10:00-20:00 -  EXHIBIT AREA OPEN
10:00-10:30 - Morning Refreshments in Exhibit Area
10:30-11:20  SESSION 1

Presenter:

Kirti Velankar
Senior Software Engineer
Yahoo! Inc.


Track 1 - Internationalization with PHP
PHP is one of the most prominent and popular platforms for modern Web development. This updated session discusses PHP from the perspective of internationalization, what some of the challenges in PHP are, the features available in PHP 5, and the promise of Unicode in PHP 6.

This session also includes examples and usage in practical scenarios. You will learn how to effectively build applications for multiple languages and cultures using PHP with some of the new internationalization features such as locales, sorting, resource bundles, as well as date, number and message formatting.


Presenter:

Ken Lunde
Senior Computer Scientist
Adobe

Track 2 - Designing & Developing Pan-CJK Fonts for Today
Designing and developing Pan-CJK fonts, meaning fonts whose CJK Unified Ideographs can serve more than a single CJK locale, region, or culture, is both challenging and time-consuming. But, like most things that require effort, there are great rewards: smaller overall font footprint, design consistency across locales, and so on. In developing such fonts, there are challenges related to the actual design of the glyphs, which transcend any font format concerns. This presentation pinpoints specific design and implementation problems that developers of such fonts will face, and then details workable solutions. A prototype Pan-CJK font will demonstrated during the presentation.

Presenter:

Mark Davis
Sr. Internationalization Architect
Google Inc.

Track 3 - Unicode Update: Unicode 5.2 and CLDR 1.7
The 5.2 version of Unicode (Fall 09) adds many new characters, new properties, and fixes to existing properties, and is being issued as a complete online book. CLDR 1.7 (Spring 09) contains over 21% more locale data than the previous release, with over 40,000 new or modified data items from over 140 different contributors, including Adobe, Apple, Google, IBM, and Sun, plus official representatives from a number of countries.

This presentation, from the president and co-founder of the Unicode consortium, covers the new features of both standards, examples of the impact on companies such as Google, and future directions for these and other globalization standards -- the new emoji characters, international domain names, Unicode security, and others.


11:30-12:20  SESSION 2

Presenter:

Martin Duerst
Aoyama Gakuin University


Track 1 - Internationalization in Ruby 1.9
Ruby is a purely object-oriented scripting language which is easy to learn for beginners and highly appreciated by experts for its productivity and depth. Internationalization of Ruby made a big leap forwards when this January, Ruby 1.9.1, the first stable release of the Ruby 1.9 series, was released. While previous versions of Ruby mostly treated text data as byte sequences, strings in Ruby 1.9 are sequences of characters. Because Ruby tags each string with encoding information internally, different applications can choose different internationalization models.

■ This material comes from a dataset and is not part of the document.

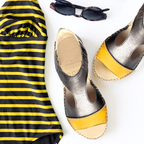 Sandalia Nina Amarillo y Hierro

The presentation will give a short overview of Ruby as a programming language, and introduce the new internationalization features in detail. We will be concentrating on how to use Ruby with Unicode, which in Ruby's case means UTF-8. We will also discuss internationalization support in Ruby on Rails, the popular Web application framework written in Ruby.


Presenter:

Kamal Mansour
Manager of Non-Latin Products
Monotype Imaging

Track 2 - Unicode & Fonts: a status report
The adoption of Unicode as the universal character code standard has profoundly changed the computing landscape. We now expect to be able to exchange multilingual text documents across platforms and software applications. Since its inception, Unicode has cautiously distanced itself from the process of displaying glyphs, delegating it to an external “rendering layer” that includes fonts. Alongside Unicode, the OpenType Standard has enabled new levels of sophistication in fonts. However, one is often disappointed by a particular font doesn’t work as it should. We will give a brief overview of what works today and what we can expect in the future.

Presenters:

Deborah Anderson
Project Leader, Script Encoding
Initiative, Department of Linguistics, UC Berkeley
Richard Cook
Post-Doctoral Researcher, Dept. of Linguistics
UC Berkeley
Charles Riley
Catalog Librarian for African Languages
Yale University
Anshuman Pandey
C.Phil. History
University of Michigan

Track 3 - Patching Holes in the Unicode Pipeline: A Status Report on the Unencoded Scripts of Asia and Africa
In 2002, 96 scripts listed on the Unicode Pipeline were unencoded. Today,
the number is considerably smaller. Currently about 25 scripts from Asia and
Africa remain unencoded, but they present particular challenges: many are
not well-known and will involve considerable research to acquire materials
and to track down experts. This session will be made up of 3 speakers who
have worked on South Asian and African script proposals. They will discuss
the work that remains to be done and highlight specific issues for
implementers.

12:30-13:30 - LUNCH
13:30-14:20  SESSION 3

Presenter:

Norbert Lindenberg
Internationalization Architect
Yahoo! Inc.


Track 1 - Internationalization for JavaScript Applications
JavaScript, as defined by the EcmaScript standard and implemented in browsers, is a rather weak platform for internationalized web applications. Several toolkits have attempted to fill the gap in different ways, ranging from reliance on existing server-side internationalization libraries to implementing the functionality in JavaScript itself. This presentation surveys the landscape and compares the different solutions.

Presenter:

Ken Lunde
Senior Computer Scientist
Adobe

Track 2 - The Design & Development of Fully Proportional Japanese Fonts
Japanese fonts have traditionally been designed on the principle that each glyph occupies a fixed design space. Some fonts have overcome this principle by providing alternate metrics, which really amount to pseudo proportional metrics. It is possible to develop Japanese fonts whereby each glyph has proportional metrics by default, in both horizontal and vertical writing directions. In addition to the obvious design challenges, there are also several technical hurdles related to implementing the typeface design as an OpenType font. This presentation details the unique design aspects of Kazuraki, a fully-proportional Japanese font, along with details about its OpenType implementation.

Presenter:

Martin Duerst
Aoyama Gakuin University

Track 3 - Update on Internationalized Domain Names and Internationalized Resource Identifiers
In domain names such as www.unicode.org, only a limited number of characters are allowed. This limitation also applies to Uniform Resource Identifiers (URIs) such as http://www.unicode.org. Internationalized Domain Names (IDNs) and Internationalized Resource Identifiers (IRIs) changed this a few years ago, both allowing a wide range of characters from the Unicode repertoire. The specifications underlying these technologies are currently facing an overhaul, major for IDNs and minor for IRIs. The long-overdue and now imminent introduction of the first international top-level domain names will mean that the importance of IDNs and IRIs will significantly increase in the near future.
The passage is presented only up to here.